During the summers of my childhood in Barrington, during the 1960’s, the water of the Barrington River was our playground and the creatures within and around it were our playthings. Some creatures we feared, like eels and toe grinders and biting horseflies; some we harmed, like the small jelly fish we threw at each other and the mussels we smashed on the rocks. In the woods behind our neighborhood, we feared a mythical group of mean boys we dubbed the Kids of the Path; at our river beach on New Meadow Road we ruled as the Kids of the River.

The river at our small beach smelled of salt and mud and things that died in the eelgrass and then washed ashore to bake in the sand under the midday sun. At the edge, at low tide, we hunted clams by walking barefoot in the soft mud, waiting for the small shoot of water, and digging down to capture the escaping mollusk, which we would then crack open and eat. We climbed on the slimy rocks that hugged the water’s edge, popping seaweed bubbles and gathering treasures to mix into magic potions with bayberries, discarded fiddler crab shells, salt water, and sand.

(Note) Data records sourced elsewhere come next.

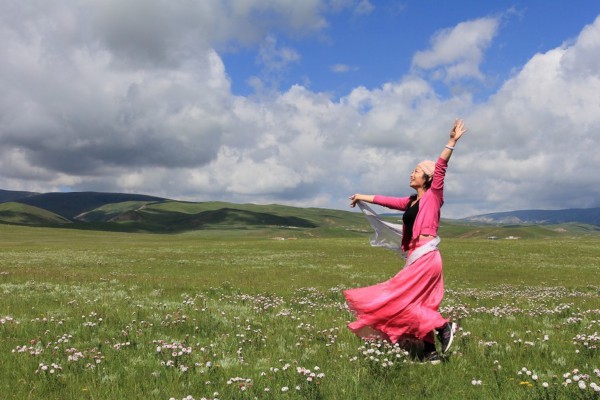 武汉莞式桑拿，不只是按摩，是身心的极致享受！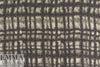 Carmen Marc Va1vo edgy grid silk crepe de chine 1.25 yd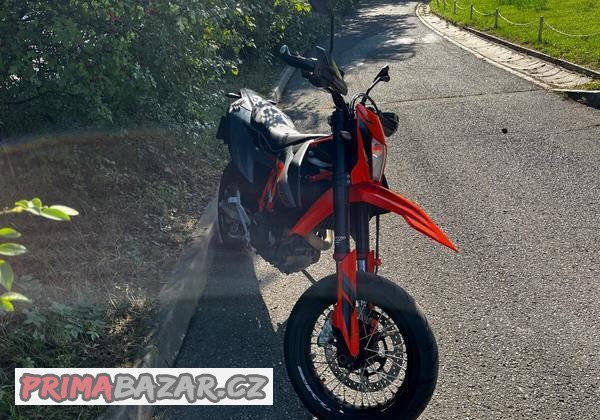 ktm-smc-690-r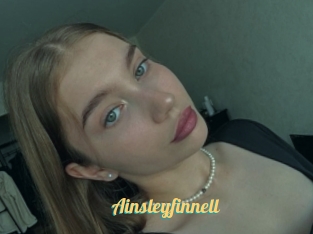 Ainsleyfinnell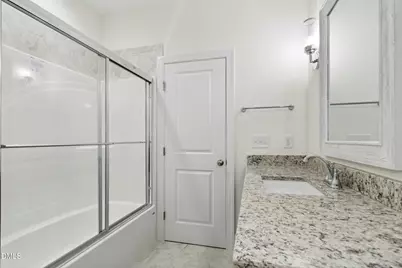 925 Lynch Road, Selma, NC 27576 - Photo 25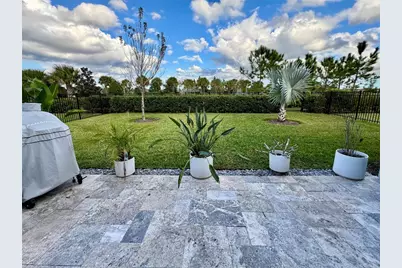 2707 River Creek Lane, Saint Cloud, FL 34771 - Photo 39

At high tide, when we preferred to swim, the shallows were ripe with horseshoe crabs the size of dinner plates. We were afraid of their horns that could stick straight up and pierce a foot, but also fascinated by their prehistoric creeping along the sandy bottom.  There were fish that swam around us, and waving seaweed that stuck to our legs as we splashed around and swam from beach to dock to raft. The boys tried to spear eels and swam out to the sand bar where the blue crabs and the toe grinders lived, or all the way across to the opposite shore, their heads bobbing farther and farther away like buoys in the glinting sun among the speedboats, water skiers, and the sailboats. We girls mixed our magic potions in the sand and rowed a small dinghy to the opposite shore to visit the library and gather piles of books, then get Dusty Sundaes at the Newport Creamery. 

All summer, we were semi-wild, unsupervised, and almost savage sometimes in our games, our daring, and our occasional harming of sea creatures. It was our summer playground, our compass point in a childhood that held space for adventure, free play, and raw joy. As we grew and went our separate ways in the world, where a couple of us would die young, many of us would find happiness, and most would live long, we would all remember our summer days at the river.